11. We must accordingly examine the facts of this case and the findings of the Court below. In the written statement the defendant did not expressly deny the plaintiff's title. On the other hand, it was admitted that they were joint zamindars. The main point taken in para. 18 was that the sir and waste lands had been in exclusive possession of the defendant, and the plaintiff had no right to get actual possession thereof. The position was made clear further by a statement of the counsel for the defendant, dated 2nd December 1921, when he stated that he had no objection to the granting of a declaratory decree to the plaintiff establishing his title to the extent of one-half, but that he would contest the plaintiff's right to obtain joint possession before the partition of the joint mahal takes place. The Court of first instance found that the sir lands in dispute had been in the defendant's possession for some 24 or 25 years and that this possession must have been with the plaintiff's consent as the plaintiff had been receiving profits from the defendant during these years. It accordingly held that it could not disturb the possession of the defendant extending over 25 years and with the plaintiff's consent. The learned District Judge also remarked that there was positive evidence of the defendant's separate possession for 24 years in the statement of the Rajah, and then held that it was clear to him that the defendant, whose separate possession had been legal from the outset and had not been by virtue of any illegal act or ouster, was entitled to retain his separate possession.

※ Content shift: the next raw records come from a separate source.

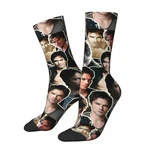 Winter Warm Cool Men's Women's Ian Somerhalder Collage Damon Socks Non-slip Skateboard Socks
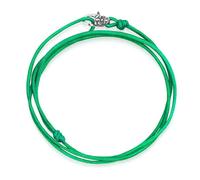Nialaya, Homme, Accessoires, Gris, Taille: ONE Size Green Wrap-Around String Bracelet with Sterling Silver Lock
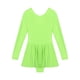 thumbnail image 5 of Vestido brillante de manga larga con volantes para mujer, vestido de baile de Ballet, vestido de natación, traje de Color sólido, vestidos de leotardo con cuello redondo, 5 of 5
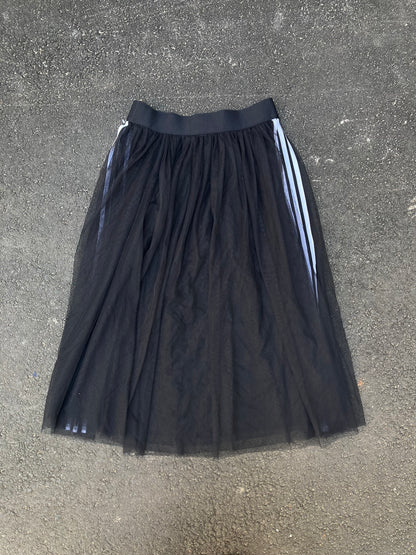 Adidas Black Tulle Mesh Skirt - Balletcore Streetwear Midi Size M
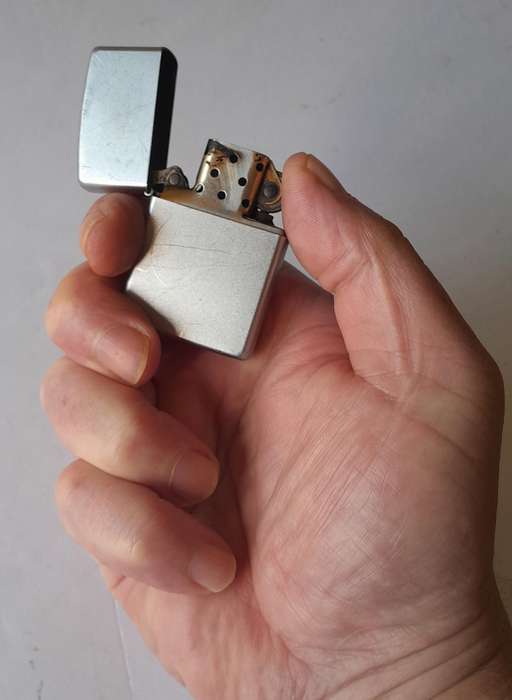 Vintage Zippo Brushed Steel Lighter.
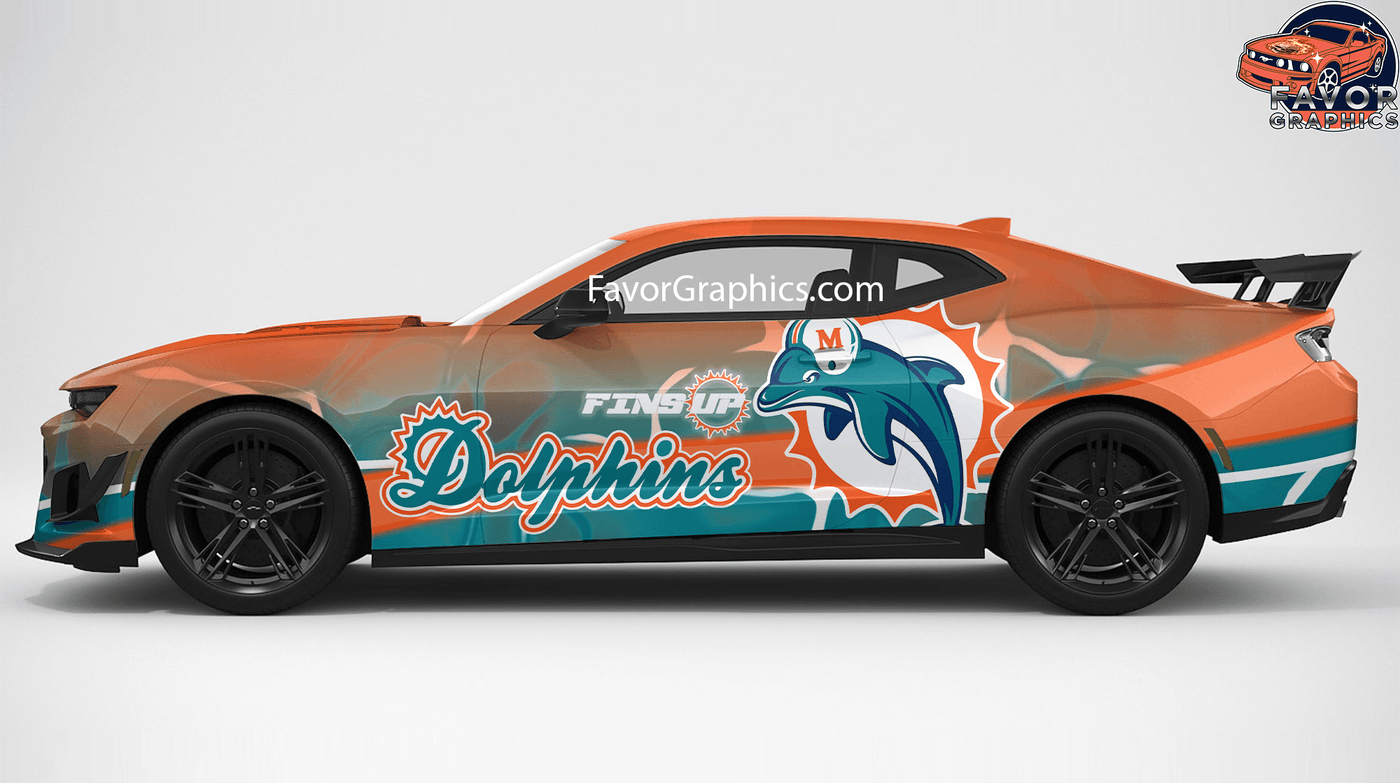 Miami Dolphins Itasha Full Car Vinyl Wrap Decal Sticker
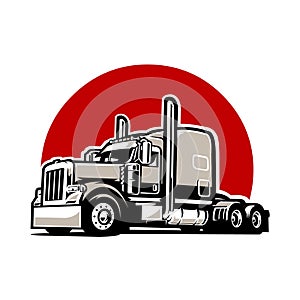 Semi truck trailer vector isolated image. 18 wheeler vector isolated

12. We, therefore, think that as in this case the defendant's possession had been exclusive and peaceful for a long number of years this is not a fit case in which his possession can be disturbed by passing a decree for joint possession in favour of the plaintiffs. We accordingly dismiss the appeal. We are of opinion that the decree for costs passed by the District Judge should be maintained, that the plaintiff should further pay the costs of the defendant before the learned Judge of this Court and bear his own costs, but that the parties should bear their own costs of the appeal under the Letters Patent.